There are stories in the collection that are more indirectly connected to the Lang family, most notably a three-story sequence that focuses on two brothers, Max and Frank. Max, the older brother, is an abusive drunk in “The Turning,” who terrorizes his wife Raelene and is suspicious of her new friendship with a Christian couple. His brother, Frank, is a football player who walks away from his career. “Sand” sees them as children, with Frank being bullied by Max during the summer when their mother leaves them, and “Family” is a story about the two of them reconnecting after both of their lives have fallen apart and the tragic shark attack that forces them back into brotherhood.

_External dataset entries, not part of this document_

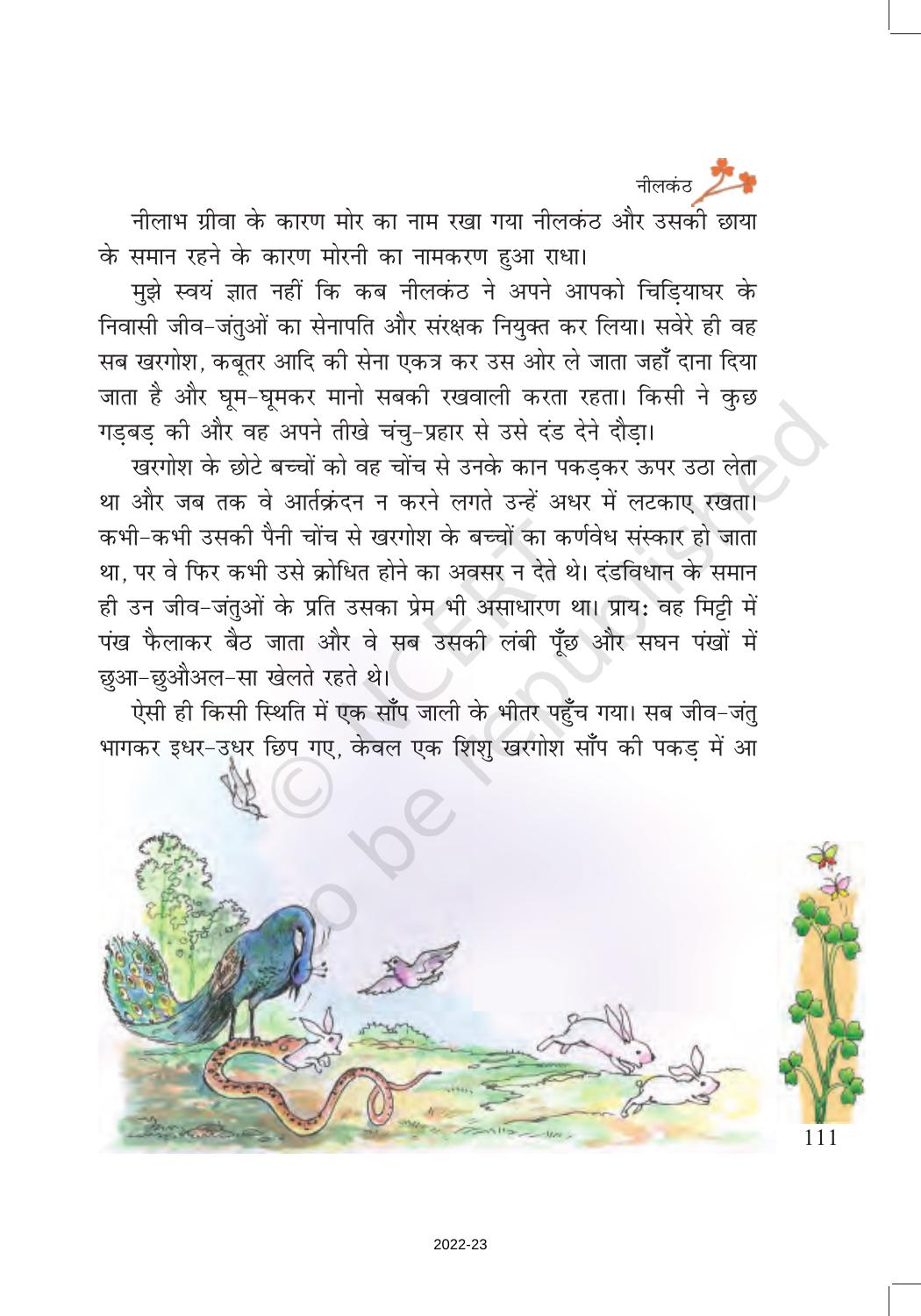 NCERT Book for Class 7 Hindi Vasant: Chapter 15-नीलकंठ (रेखाचित्र) - Page 4
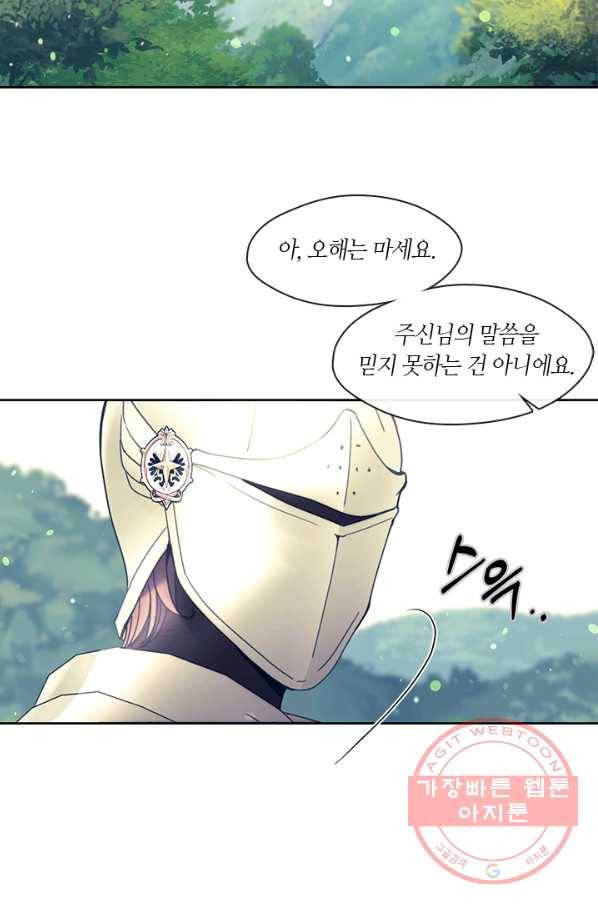 가족들이 나한테 집착한다 23화 2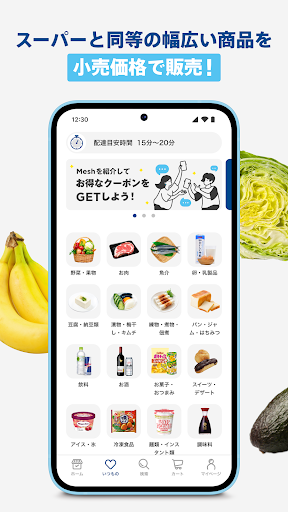 Mesh (メッシュ) - 食品デリバリー Screen 2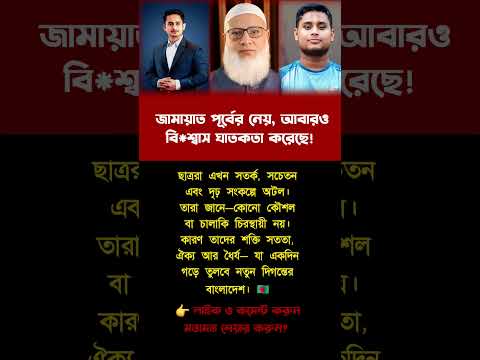 বি*শ্বাস ঘা*তকদের বাংলার মাটিতে জায়গা হবে না | #motivation #inspiration #trending #foryou #success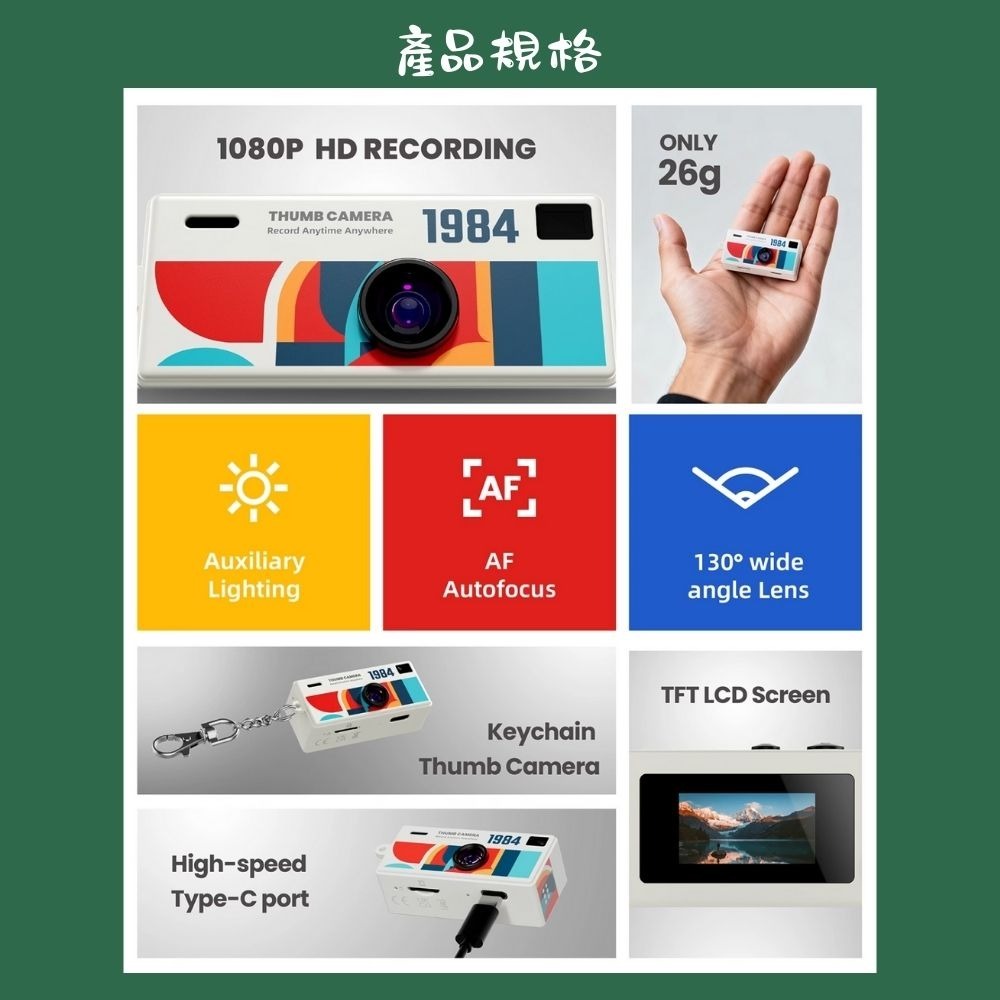 【eYe攝影】拍立得 馬上看 拇指相機 相機盲盒 mini 復古相機 鑰匙圈 吊飾 耶誕節 生日禮物 交換禮物 迷你相機-細節圖9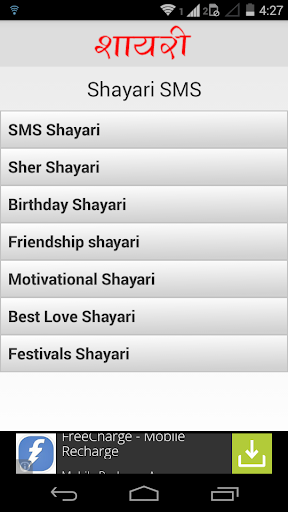 【免費生活App】Shayari SMS-APP點子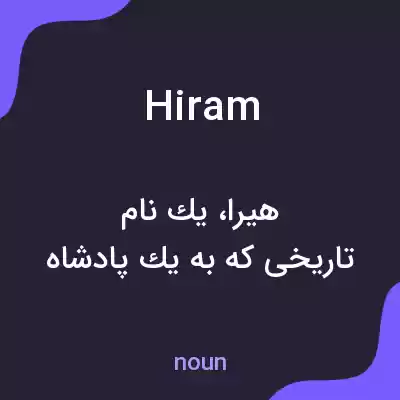 معنی hiram به فارسی معنی hiram به فارسی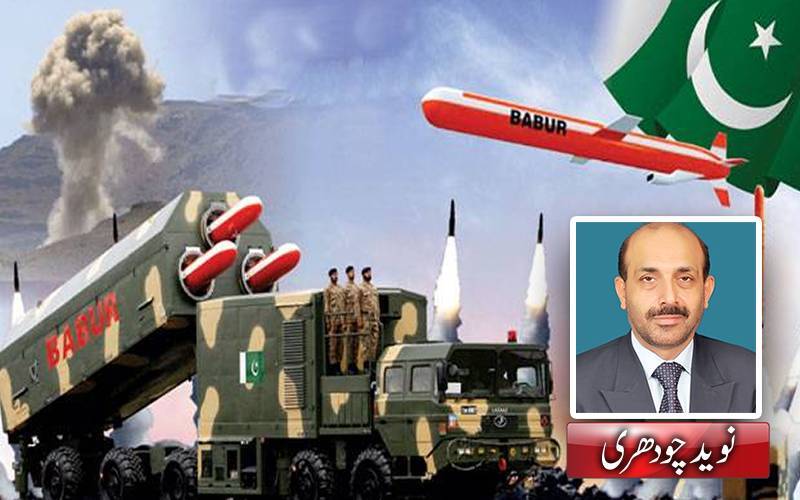 ’’ایٹمی ملک سے فاتح ریاست تک ‘‘
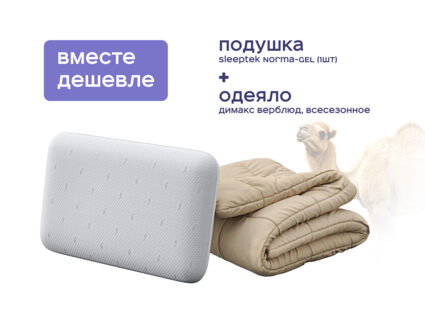 Одеяло Димакс Верблюд всесезонное + подушка Sleeptek Norma-GEL 1473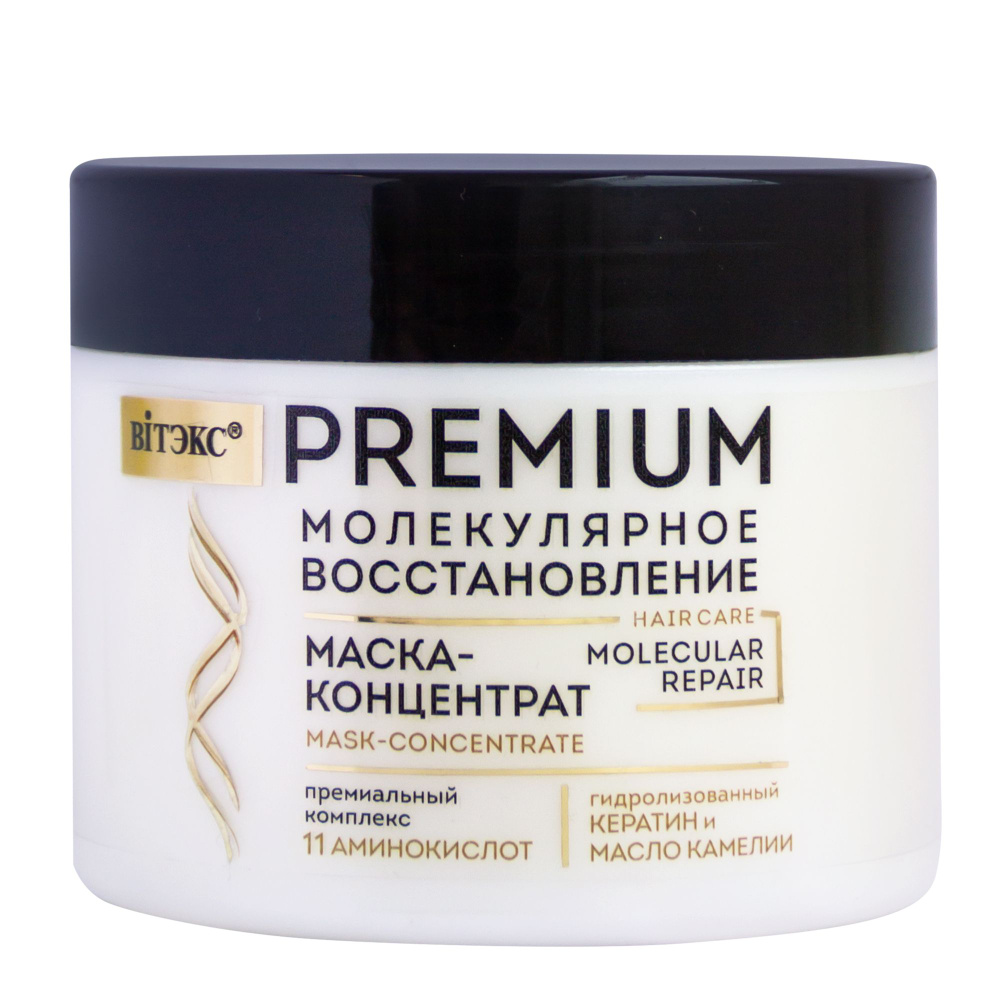 Витэкс Маска-концентрат для волос Premium Молеккулярное Восстановление ...
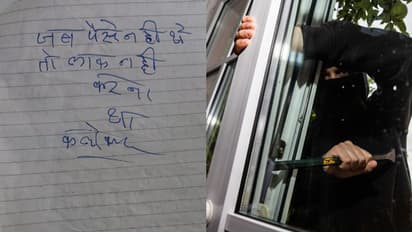 പണമില്ലെങ്കില് വീട് അടച്ചിടണോ കളക്ടറേ; മോഷണ ശേഷം ചിരിപ്പിക്കുന്ന കുറിപ്പുമായി കള്ളന്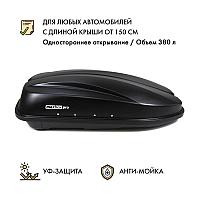 Автобокс MaxBox PRO 380 (компакт плюс) черный одностороннее открывание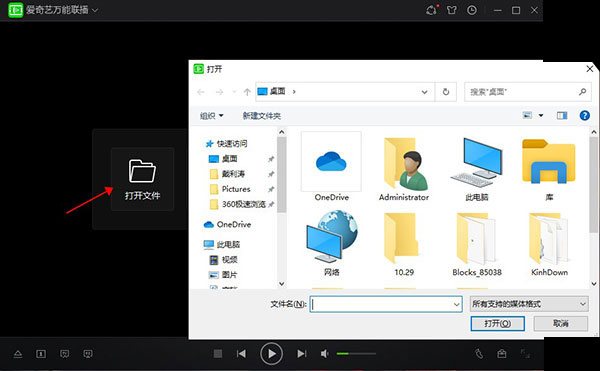 爱奇艺万能联播 v5.4.0.5375官网版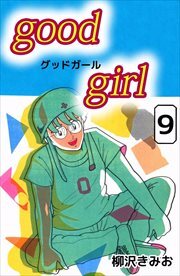 Ｇｏｏｄ　Ｇｉｒｌ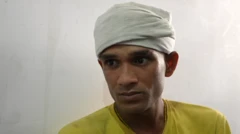 घायल 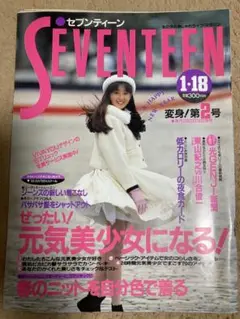SEVENTEEN 1988年1月号 第2号
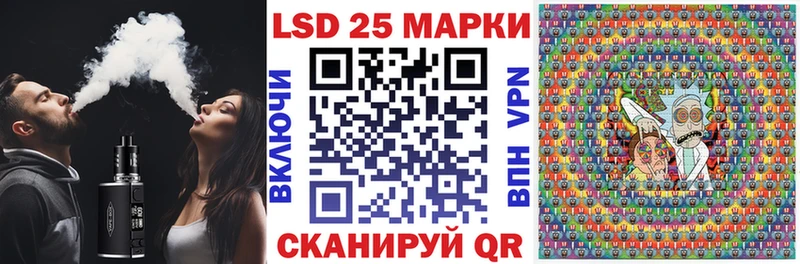 Марки NBOMe 1,8мг blacksprut зеркало Сухиничи купить наркотики цена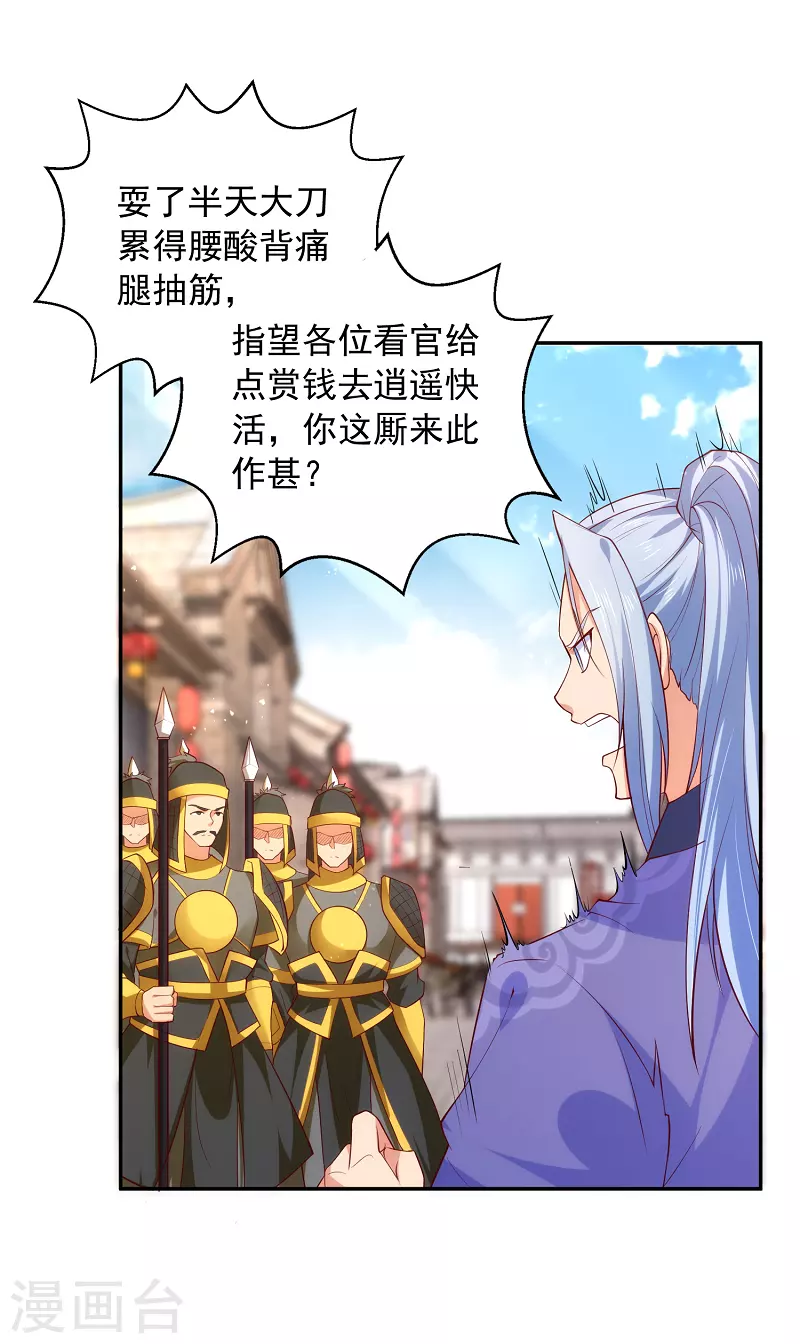 第5话 文明观球 第20页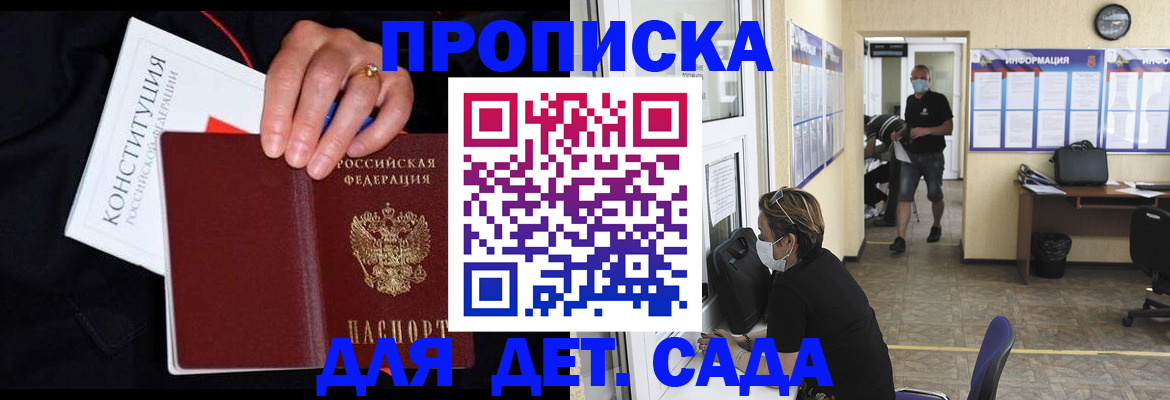 временная регистрация 2025 в Шебекино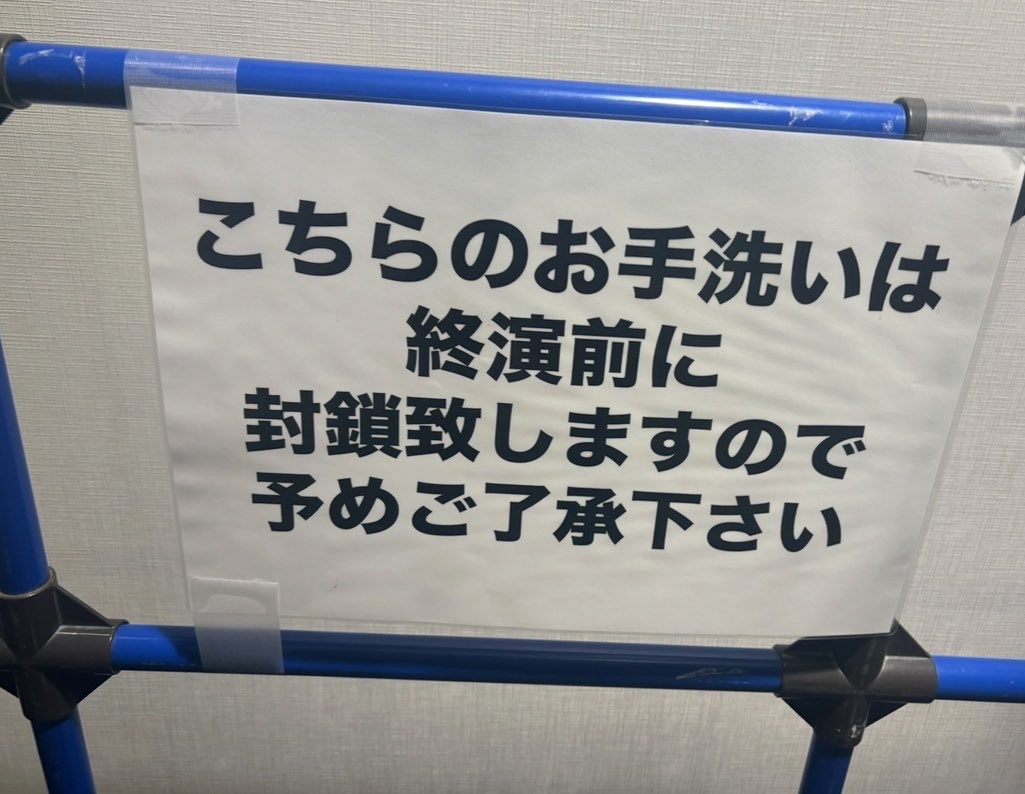 motoeda's tweet photo. @YokohamaArena 終演後のこれやめたら、終演後に関しては近隣への迷惑行為減ると思いますよ
みんな嫌々了承してます
（横浜アリーナで撮影） https://t.co/pPE8QL9PXE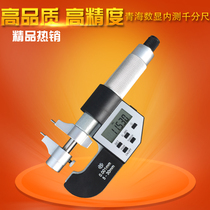 Qinghai Qingliang digital display inner diameter internal measurement inner size micrometer 5-30 25-50mm0 001 inner hole electronic ruler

“Big World,” “Small Mercies,” and “Cockleshell” are all about characters who are on the outskirts of the central Lang storyline of the collection but provide context for the tragic decline of Angelus and the violence and disappointment that pervades the community. “Big World,” which opens the book, sets the tone by showing two high school graduates who have botched their exams and whose only goal is to buy a van and leave town. “Small Mercies” sees Peter Dyson moving back home after his wife’s suicide, only to be harried by an ex-girlfriend and recovering addict. “Cockleshell” focuses on another youthful obsession, as a boy, Brakey, falls in with Agnes Larwood, whose father is a recovering alcoholic, though his newfound sobriety hasn’t saved anyone.

As a whole, the stories document a painful transition in the lives of Angelus, and though the town is fictional, its trajectory mirrors that of many small communities in Western Australia. By focusing in on the issues these communities face, The Turning is a document of the way societal issues are intrinsically personal.